Domestic and T20 career
He made his List A debut on 16 January 2015 in the 2014–15 Regional Super50 tournament.

In December 2015, Paul was named in the West Indies squad for the 2016 Under-19 Cricket World Cup. During the tournament, Paul attracted some controversy when he mankaded a batsman in the last over of the final group match between the West Indies and Zimbabwe. The West Indies won the match and consequently finished second in their group, qualifying for the quarter-finals and eventually going on to win the tournament. He took 7 wickets throughout the competition, including 2 in the final against India, as well as averaging more than 40 with the bat for the tournament.

He made his first-class debut for Guyana in the 2016–17 Regional Four Day Competition on 18 March 2017. He made his Twenty20 debut for Guyana Amazon Warriors in the 2017 Caribbean Premier League on 5 August 2017. In October 2017, he scored his maiden century in first-class cricket, batting for Guyana against Jamaica in the 2017–18 Regional Four Day Competition.

In June 2018, he was named the Emerging Cricketer of the Year at the annual Cricket West Indies' Awards.
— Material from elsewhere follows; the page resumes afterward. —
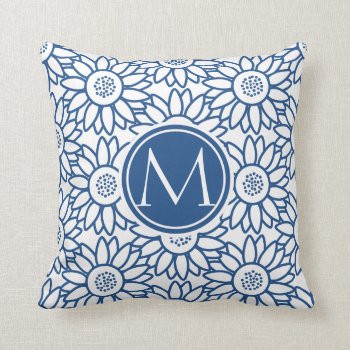 Elegant Monogram Classic Blue Sunflower Throw Pillow by RicardoArtes at Zazzle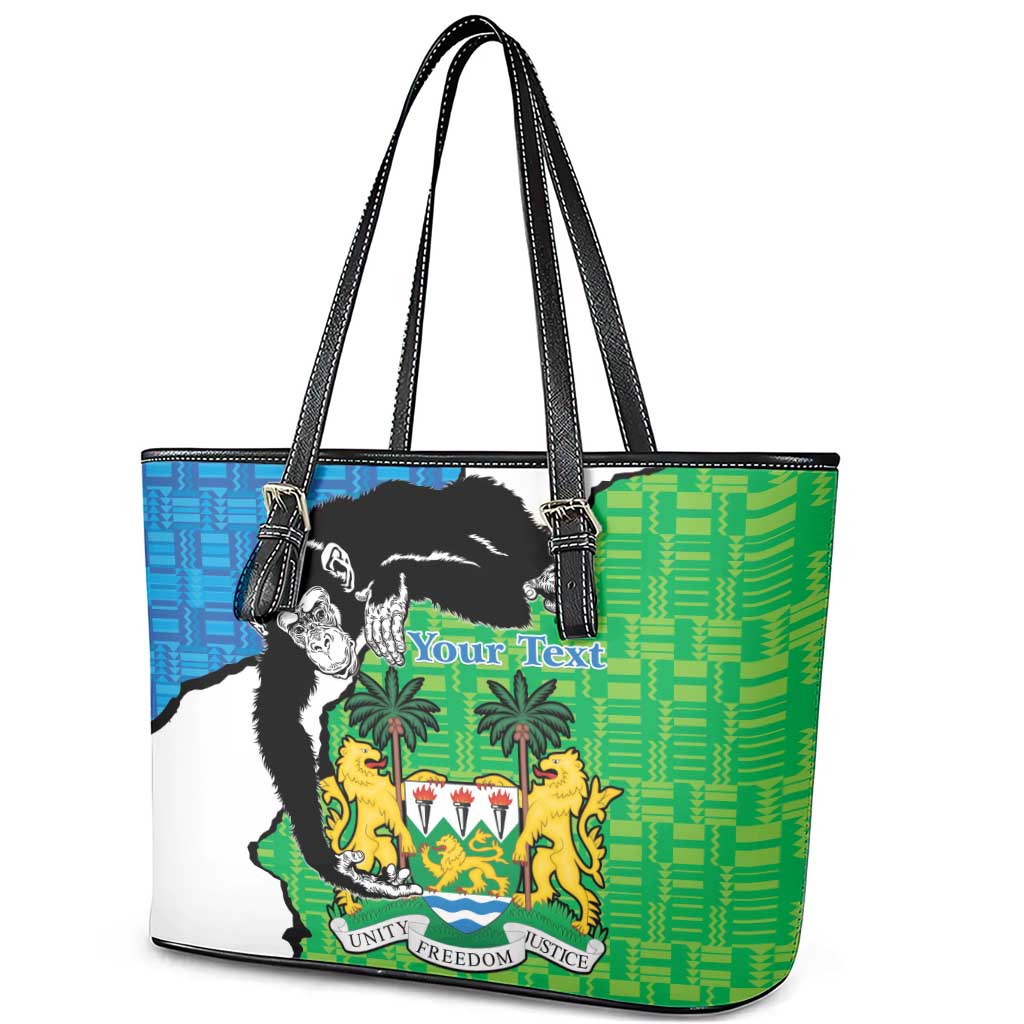 Personalised Afro Sierra Leone Leather Tote Bag Chimpanzee Mix African Pattern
In October 2018, Cricket West Indies (CWI) awarded him a development contract for the 2018–19 season.

In December 2018, he was bought by the Delhi Capitals in the player auction for the 2019 Indian Premier League. In June 2019, he was selected to play for the Montreal Tigers franchise team in the 2019 Global T20 Canada tournament. In July 2020, he was named in the Guyana Amazon Warriors squad for the 2020 Caribbean Premier League.

International career
On 9 March 2018, Paul was added to the West Indies squad for the 2018 Cricket World Cup Qualifier tournament, after Sheldon Cottrell suffered an injury. He made his One Day International (ODI) debut for the West Indies against Afghanistan in the World Cup Qualifier on 15 March 2018.

In March 2018, he was named in the West Indies squad for their Twenty20 International (T20I) series against Pakistan. He made his T20I debut for the West Indies against Pakistan on 1 April 2018.

In July 2018, he was named in the West Indies Test squad for the series against Bangladesh. He made his Test debut for the West Indies on 12 July 2018. In December 2018, in the third and final T20I against Bangladesh, Paul took his first five-wicket haul in T20Is.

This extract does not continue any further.